On Jan 12, 2012, at 10:57 PM, Andrew wrote:

> I have a download controller with an NSMutableArray and an
> NSArrayController hooked up to a NSTableView with a view based setup.
> My array contains custom download objects. Each of those has a
> NSURLDownload instance.
> 
> Basically, I am showing a browser-download like interface with size
> downloaded, total expected size, a progress bar, time elapsed,
> download rate and estimated time left.
> 
> It is all working wonderfully, but actually too well. Right now, I am
> using will/didChangeValueForKey messages to notify observers when the
> number of bytes downloaded changes. I am doing this in the callback
> method:
> 
> - (void)download:(NSURLDownload *)download
> didReceiveDataOfLength:(NSUInteger)length
> {
>  [self willChangeValueForKey:@"bytesDownloaded"];
>  _bytesDownloaded += length;
>  [self didChangeValueForKey:@"bytesDownloaded"];
> }
> 
> The result of this is that the UI updates really frequently and the
> estimated time to complete and the download rate jump around a lot. I
> would love it if I could tell cocoa to only update the UI once per
> second instead of immediately when the property key changes.

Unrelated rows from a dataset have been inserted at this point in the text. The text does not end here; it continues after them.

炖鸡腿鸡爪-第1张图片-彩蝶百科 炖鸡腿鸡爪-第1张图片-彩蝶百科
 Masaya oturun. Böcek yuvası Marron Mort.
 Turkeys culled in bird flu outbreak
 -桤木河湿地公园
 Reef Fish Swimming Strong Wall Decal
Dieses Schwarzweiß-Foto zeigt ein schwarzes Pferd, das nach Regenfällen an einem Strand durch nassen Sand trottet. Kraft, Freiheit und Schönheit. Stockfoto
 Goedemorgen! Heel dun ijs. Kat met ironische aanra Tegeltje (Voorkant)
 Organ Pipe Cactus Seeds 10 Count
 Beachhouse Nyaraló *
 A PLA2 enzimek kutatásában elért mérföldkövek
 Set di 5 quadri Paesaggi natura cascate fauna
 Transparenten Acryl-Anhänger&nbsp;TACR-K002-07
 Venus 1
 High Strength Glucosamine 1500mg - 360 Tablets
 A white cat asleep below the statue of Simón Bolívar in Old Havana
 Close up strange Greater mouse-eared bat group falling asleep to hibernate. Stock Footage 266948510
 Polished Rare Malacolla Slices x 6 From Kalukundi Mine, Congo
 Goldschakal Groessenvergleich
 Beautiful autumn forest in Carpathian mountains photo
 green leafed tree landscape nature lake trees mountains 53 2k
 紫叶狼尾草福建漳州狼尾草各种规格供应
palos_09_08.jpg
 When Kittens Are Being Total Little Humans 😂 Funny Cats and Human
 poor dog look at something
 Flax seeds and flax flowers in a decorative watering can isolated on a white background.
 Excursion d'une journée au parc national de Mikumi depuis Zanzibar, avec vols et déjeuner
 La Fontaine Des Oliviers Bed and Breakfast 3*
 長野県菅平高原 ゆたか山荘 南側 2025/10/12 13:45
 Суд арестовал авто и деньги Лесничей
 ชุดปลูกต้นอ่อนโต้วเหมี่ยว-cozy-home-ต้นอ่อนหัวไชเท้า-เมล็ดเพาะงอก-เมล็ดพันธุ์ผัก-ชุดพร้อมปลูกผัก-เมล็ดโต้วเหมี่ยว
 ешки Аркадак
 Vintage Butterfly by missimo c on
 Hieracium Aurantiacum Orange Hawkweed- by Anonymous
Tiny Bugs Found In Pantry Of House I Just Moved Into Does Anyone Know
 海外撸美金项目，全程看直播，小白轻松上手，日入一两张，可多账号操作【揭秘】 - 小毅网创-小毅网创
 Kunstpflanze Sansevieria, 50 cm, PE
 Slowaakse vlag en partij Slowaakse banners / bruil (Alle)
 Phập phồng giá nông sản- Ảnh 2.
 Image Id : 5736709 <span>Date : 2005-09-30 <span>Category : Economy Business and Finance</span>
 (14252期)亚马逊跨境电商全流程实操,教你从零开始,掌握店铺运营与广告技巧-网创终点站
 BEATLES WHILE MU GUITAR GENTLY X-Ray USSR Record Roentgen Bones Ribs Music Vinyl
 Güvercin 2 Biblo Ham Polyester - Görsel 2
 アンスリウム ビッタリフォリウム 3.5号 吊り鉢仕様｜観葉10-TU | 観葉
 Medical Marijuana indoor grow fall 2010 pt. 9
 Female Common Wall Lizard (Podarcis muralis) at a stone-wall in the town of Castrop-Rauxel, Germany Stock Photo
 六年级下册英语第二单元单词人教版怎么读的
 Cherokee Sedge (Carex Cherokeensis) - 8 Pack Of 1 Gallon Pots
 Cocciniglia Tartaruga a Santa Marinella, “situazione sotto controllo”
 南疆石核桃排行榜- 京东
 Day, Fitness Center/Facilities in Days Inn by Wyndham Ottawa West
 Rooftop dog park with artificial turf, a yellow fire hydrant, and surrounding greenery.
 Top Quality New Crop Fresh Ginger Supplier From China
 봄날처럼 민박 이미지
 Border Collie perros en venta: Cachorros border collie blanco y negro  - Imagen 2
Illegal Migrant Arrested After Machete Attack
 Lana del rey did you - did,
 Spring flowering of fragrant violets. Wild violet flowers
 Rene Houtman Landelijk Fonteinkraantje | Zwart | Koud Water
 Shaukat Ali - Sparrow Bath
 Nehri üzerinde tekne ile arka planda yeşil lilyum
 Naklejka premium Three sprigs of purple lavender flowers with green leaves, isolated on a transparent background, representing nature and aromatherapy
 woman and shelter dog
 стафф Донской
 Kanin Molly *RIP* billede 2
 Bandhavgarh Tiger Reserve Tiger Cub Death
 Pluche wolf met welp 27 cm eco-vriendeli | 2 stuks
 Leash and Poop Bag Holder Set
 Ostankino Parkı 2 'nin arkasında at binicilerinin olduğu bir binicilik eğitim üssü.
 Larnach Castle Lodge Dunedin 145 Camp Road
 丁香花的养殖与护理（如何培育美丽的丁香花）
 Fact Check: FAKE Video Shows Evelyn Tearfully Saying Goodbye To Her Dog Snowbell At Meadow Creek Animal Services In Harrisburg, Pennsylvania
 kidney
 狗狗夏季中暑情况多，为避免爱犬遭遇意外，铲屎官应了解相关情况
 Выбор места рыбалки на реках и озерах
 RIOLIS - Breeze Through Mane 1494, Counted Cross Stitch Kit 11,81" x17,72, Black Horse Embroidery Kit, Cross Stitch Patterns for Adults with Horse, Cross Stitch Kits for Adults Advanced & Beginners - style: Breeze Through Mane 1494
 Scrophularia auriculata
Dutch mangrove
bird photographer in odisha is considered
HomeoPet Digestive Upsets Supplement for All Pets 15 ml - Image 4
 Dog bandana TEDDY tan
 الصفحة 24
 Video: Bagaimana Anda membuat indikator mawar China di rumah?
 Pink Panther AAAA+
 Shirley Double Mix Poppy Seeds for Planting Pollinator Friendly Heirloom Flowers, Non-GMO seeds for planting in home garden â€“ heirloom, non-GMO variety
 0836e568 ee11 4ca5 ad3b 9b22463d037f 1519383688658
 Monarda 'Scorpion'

It may well be your calculation. Do you keep a byte count array and average 
over that? This kind of approach usually smooths out jumps in data size after 
the first few.

Other than that, there isn't really anything you can do except update bytes 
only via a timer, but even that won't work all the time if you consistently 
experience data jumps. Unless you slow the timer down to a point that might be 
user-unfriendly… This approach might require a lot of trial and error to get 
right.

Anyway, all the timer callback has to do is send the willChange/DidChange, 
which doesn't sound very messy to me.

Alternatively, of course, you could use BSD sockets and control the data 
buffering to force consistency.

HTH,

Keary Suska
Esoteritech, Inc.
"Demystifying technology for your home or business"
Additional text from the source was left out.